Nutritional Habits and The Ripple Effect Second Blog Post By Luke Anthony Hobson (Ed.D. ABD)

Welcome back to another edition of Luke attempting to blog! First thing is first, all I have to say is “wow!” I did not imagine that anyone would read a blog written by a guy who was sleep deprived and over caffeinated because his cat decided to have a meowing contest with herself at 2, 3, 4, AND 5 AM. However, 700 people viewed the page with my ranting on how society leaves out behavior change when it comes to fitness and its driving me up a wall. I was blown away from messages of support and how that first post has already changed the way others think entirely when it comes to their health. If you haven’t checked it out yet, you can find it here:

So thank you for reading my ramblings and for supporting me in this new journey. Now its time for me to sip on some coffee, crank up my Taylor Swift cover songs, and bust out some more words to really make you think about your health and how to lose weight effectively.

Common Sense

You might be wondering what inspired me to start writing down my techniques when it comes to losing weight. Well, I’ll tell you. What inspired me to become the latest keyboard warrior on the topic of fat loss are the stories I hear from people who I see on a daily basis. I work for a wonderful organization filled with incredibly intelligent and talented people, yet I hear stories constantly on the struggles to lose weight. My friends and colleagues (and just people in general) are enamored with so much information today that you don’t know what to believe. The craziest part about it all? People know what to do to lose weight because its common sense. You do not need your Ph.D. to understand how to drop the pounds. Don’t believe me? Let me prove it to you right now:

Drinking Coke everyday will make you gain weight. You should be drinking water instead if you want to lose body fat.

I’ll just assume that everyone read that and was like, “Well, no shit.” Everyone (presumably) knows that Coke is a sugary carbonated calorie bomb while water has zero calories. Hell, even Coca-Cola knows that (what up Coke Zero). So it’s not uncommon to find this advice from fitness gurus, online fitness page creators, diet book authors, and more. So with this common sense advice in hand, people every now and again will rush out to buy fancy water bottles with a goal of finally replacing their signature caloric filled drink of choice with water. What happens 99% of the time? Most quit after a few days or weeks and they go back to buying their pick-me-up kind of sugar drink in the morning. Maybe... just maybe... quitting something cold turkey is not the way to go.

Going Cold Turkey

Fitness experts across the board always recommend that people who start trying to eat healthy go cold turkey when it comes to throwing out the junk food. There are some people in the fitness industry that I deeply, deeply respect and I still can’t agree with this logic of going cold turkey. I’ve seen far too many people fail at a task by choosing this method.

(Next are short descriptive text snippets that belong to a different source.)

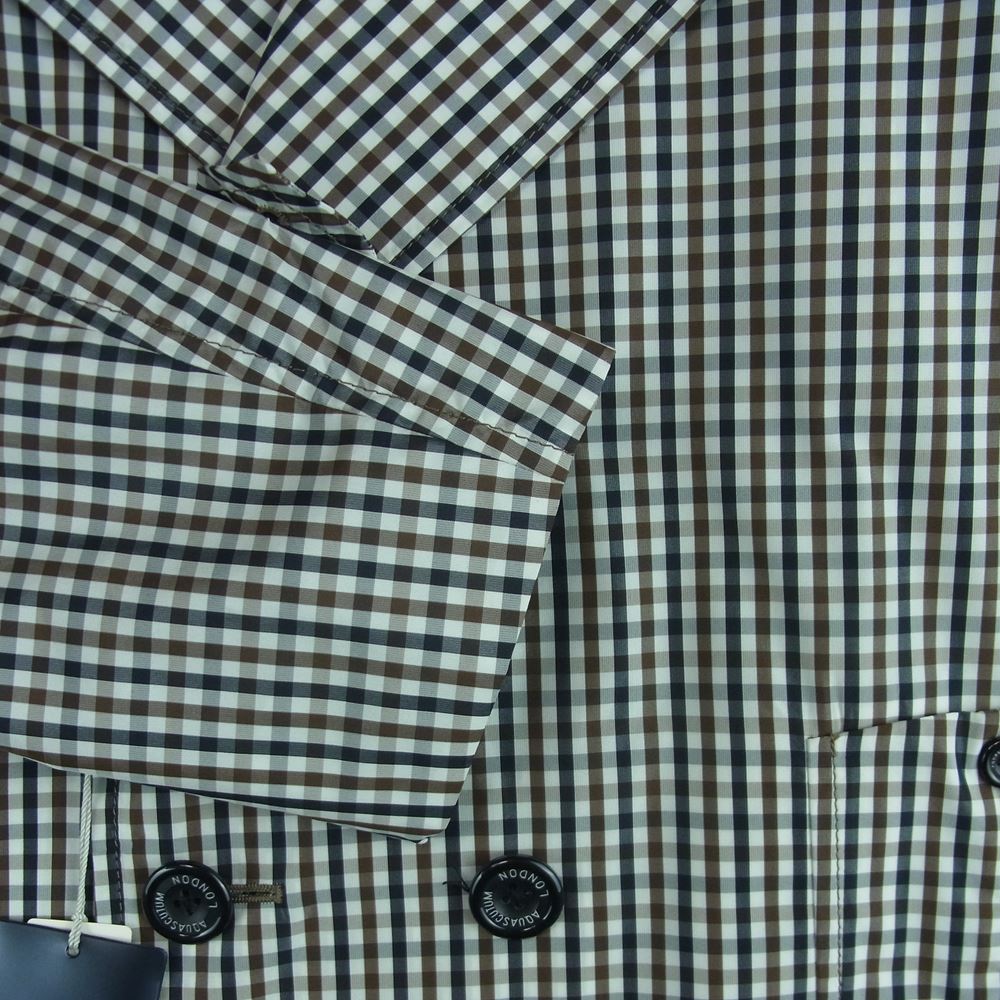 Aquascutum アクアスキュータム A9150906 チェック柄 レザーパイピング パッカブル Pコート ピー コート ブラック系 ブラウン系 34【新古品】【未使用】【中古】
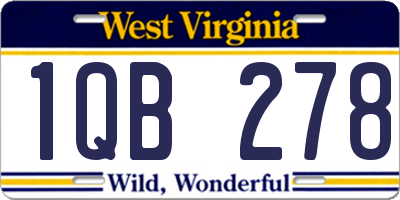 WV license plate 1QB278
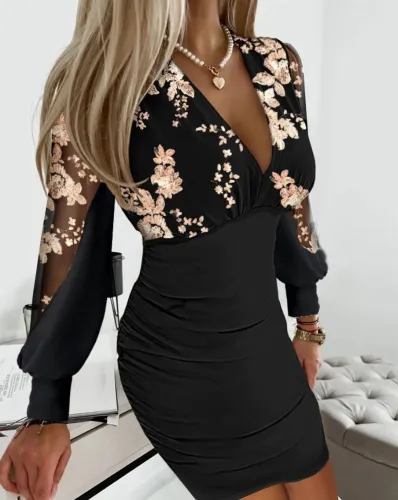Autumn V-Neck Solid Color Long-Sleeved Bodycon Dress For Women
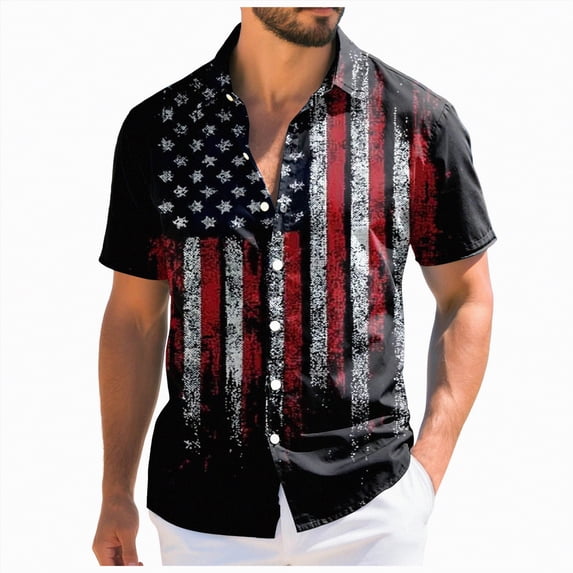 mgoYE Patriotic Button Shirt for Men 4th of July T Button Shirt American Flag Graphic Tees Tops Short Sleeve Fourth of July Outfits 250th Anniversary USA Clothing(Black,M)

Case and point, think of a friend who tried to quit smoking going cold turkey. Chances are this person made a great effort in trying to quit, but caved in. I guaranteed this person didn’t say, “Ya know, smoking isn’t that bad for me. I think I’ll start doing it again!” Of course, smoking is incredibly serious and deadly over time. What realistically happened is that a situation, peer pressure, or losing a routine made this person want to go back to smoking (not to mention the addicting chemicals). I have a buddy who has tried to quit smoking numerous times, but the reason he kept going back is because his friends all smoke and he felt left out of his group. It’s this type of fixation, emotional attachment, and addiction with a product that keeps consumers coming back for more. So what on earth does quitting cold turkey with smoking have to do with your nutrition? Am I implying that foods and drinks are addicting in nature and that they are hard to quit on? I’m so glad you asked…


Lets go back to the rocket science, no shit expert advice of “stop drinking Coke and drink water to lose body fat.” Don’t you think its odd that someone can just expect you to give up something entirely and just assume that this won’t impact your day? Don’t you think it’s strange that this fitness expert doesn’t want to learn why you picked up the habit of consuming the product in the first place? What are they missing here? Reflection. Reflection is important people! Reflect upon your past experiences and figure out how the habit developed to where it stands today. So lets change the advice around to be more like a thought provoking question like this, “Before you drastically change the routine you know of day in and day out, why do you drink Coke (Monster, Starbucks, Red Bull, whatever)?”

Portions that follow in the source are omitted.